*** Begin section ***

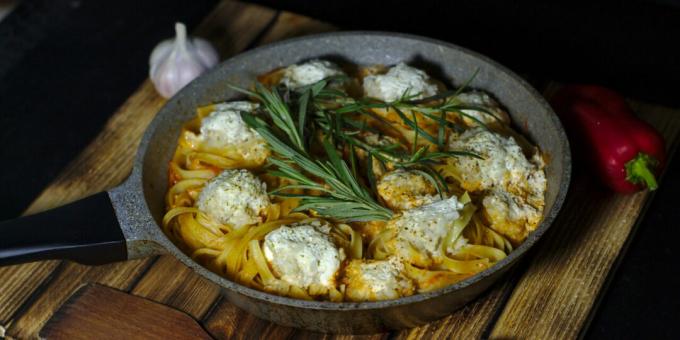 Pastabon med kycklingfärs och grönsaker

*** End section ***
*** Begin section ***

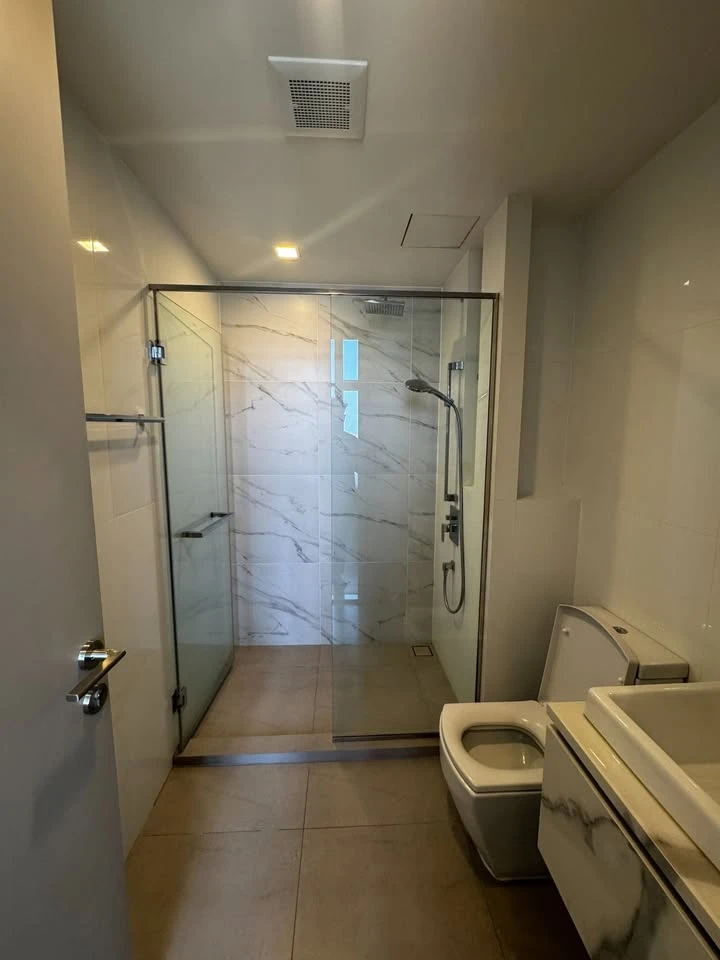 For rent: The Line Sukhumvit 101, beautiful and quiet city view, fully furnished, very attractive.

*** End section ***
*** Begin section ***

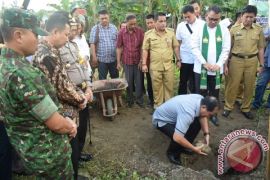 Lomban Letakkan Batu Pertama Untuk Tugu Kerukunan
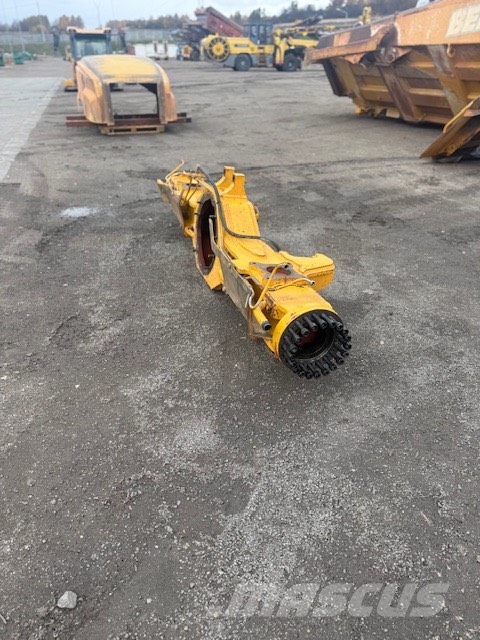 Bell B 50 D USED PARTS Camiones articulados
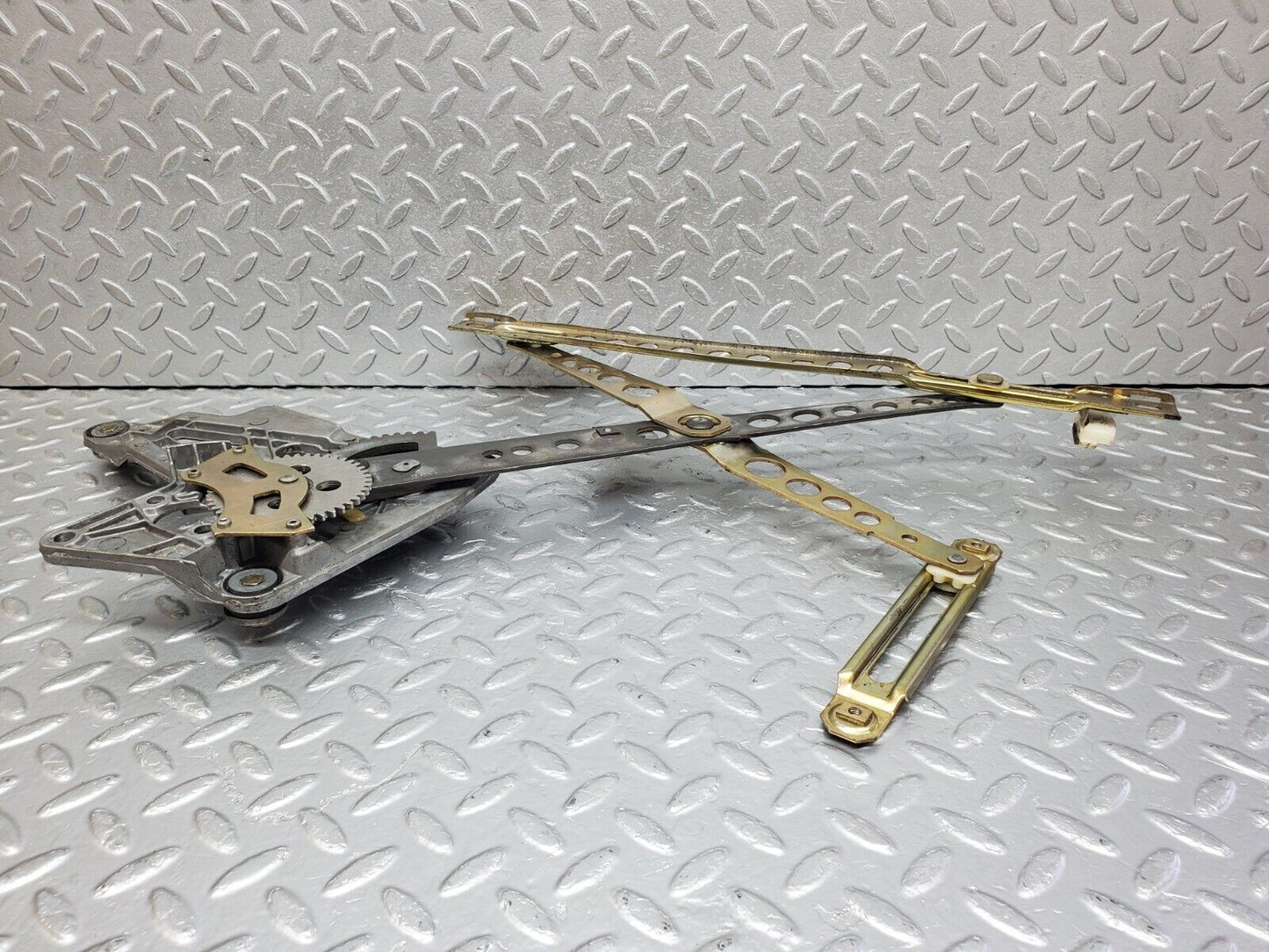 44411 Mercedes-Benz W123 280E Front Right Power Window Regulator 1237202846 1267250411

*** End section ***

• Work request: Within the material above, find the part that opens with the line containing "Lomban Letakkan Batu" and closes with the line containing "44411 Mercedes-Benz W123", and reproduce it exactly without the pictures.

• Task output:
 Lomban Letakkan Batu Pertama Untuk Tugu Kerukunan
 Bell B 50 D USED PARTS Camiones articulados
 44411 Mercedes-Benz W123 280E Front Right Power Window Regulator 1237202846 1267250411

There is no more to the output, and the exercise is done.